Officer in Tamir Rice shooting: 'We were basically sitting ducks'

Officer who shot Tamir Rice said he believed he and his partner were in "immediate danger"

CNN/Stylemagazine.com Newswire | 4/26/2017, 1 p.m.
Rice family's attorney said the interview shows "inconsistencies" in their version of events
In November, Cleveland Officer Timothy Loehmann fired the fatal shots at Tamir within two seconds of arriving outside a recreation center where the sixth-grader was playing with a pellet gun.

(CNN) -- Two previously unseen video interviews with the police officers involved in 12-year-old Tamir Rice's death, recorded days after the shooting, provide new insight into their mindsets at the time. They also appear to be inconsistent with aspects of the officers' written testimony, an attorney for the Rice family said.

Timothy Loehmann and Frank Garmback gave the interviews to investigators a few days after Tamir's death on November 22, 2014. Cleveland.com first reported on the videos, which were provided to CNN by an attorney for the Rice family.

Loehmann, the officer who shot and killed Tamir, said in the video that he believed he saw a real gun and that he had to make a quick decision.

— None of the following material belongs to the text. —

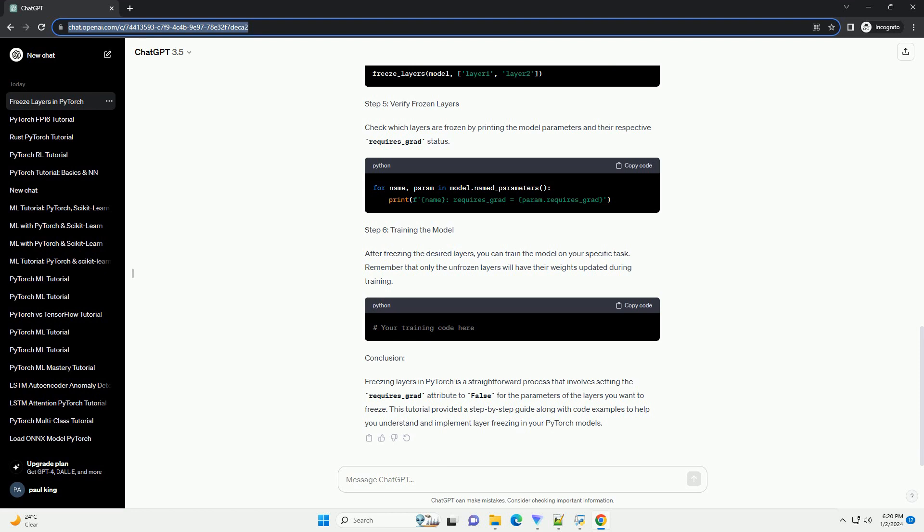Step 6: Training the Model. After freezing the desired layers, you can train the model on your specific task. Remember that only the unfrozen layers will have their weights updated during training.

"The threat just became incredible, where I had to make the decision fast because Frank and I were in immediate danger," said Loehmann, an officer in training with Cleveland Police at the time.

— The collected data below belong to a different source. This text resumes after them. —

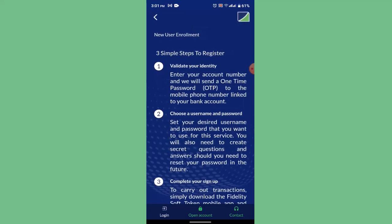As soon as you click on Sign Up, you'll need to go through three steps to enroll. The first step is to validate your identity — enter your account number, and they will send you a one-time password (OTP) to link your mobile number to your bank account.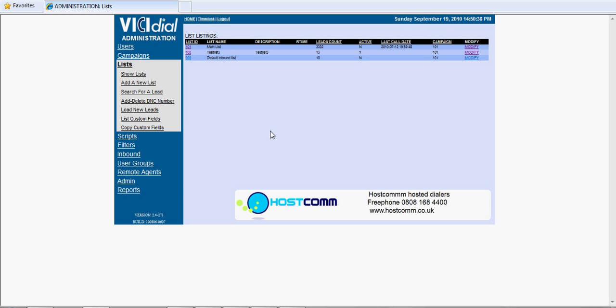So as I say, that's a successful upload. That's a custom upload when the data or the database that you're uploading is in a different format to the dialer database. Thanks very much for watching, this is Chris from HostComm.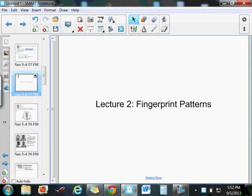Hello, everyone. This podcast is going to be about the different types of fingerprint patterns that you will see in people's fingerprints.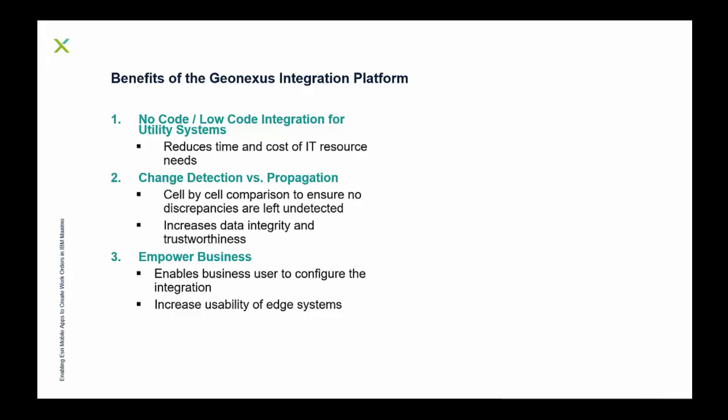Benefits of the platform overall: no-code, low-code integration for utility systems. So what does that mean? We're aimed at a quick stand-up time out-of-the-box. There's no involvement necessary to develop the connector to your edge system, it's off-the-shelf. It's ready to go, which is going to reduce time and cost of IT resources needed to stand up the integration and configure the integration. So, this is in the no-code, low-code model. Everything is done through user interface and its configuration, it's not custom scripting or anything going on here.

"We were easy targets," he said. "Plus, I was stuck in the doorway, and my partner was still seated in the driver's seat, so we were basically sitting ducks."

Tamir was playing with a toy gun when a witness had called 911 to report that a person was brandishing a gun in a park, and noted that the person was "probably a juvenile" and that the gun was "probably a fake." However, that information was not relayed by the dispatcher to the responding officers.

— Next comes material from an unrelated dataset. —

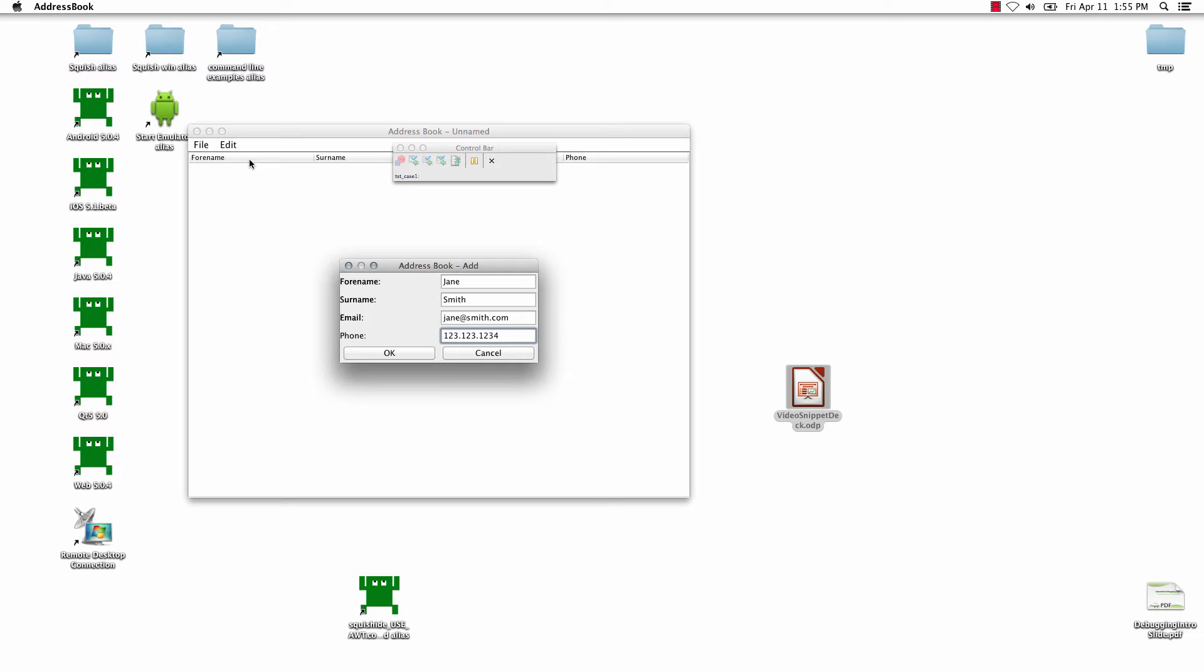but in this case, this application has an OK button. Squish is trying to find the object, and if it's not able to find the object, it's going to throw an error.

Park video of the incident shows that Garmback, the driver of the vehicle, drove up to where Tamir was standing in the park. Loehmann shot him twice just seconds after exiting the car.

Loehmann and Garmback both said in written statements dated November 2015 they thought Tamir was pulling out a real gun. A grand jury declined to criminally charge the officers in 2015, although they do face administrative charges for possibly violating department rules.

Tamir's death sparked protests against police misconduct in Cleveland, becoming a rallying cry for the Black Lives Matter movement and a flashpoint in the national debate about race and policing. The city of Cleveland agreed to pay the Rice family $6 million to settle a wrongful death lawsuit last year.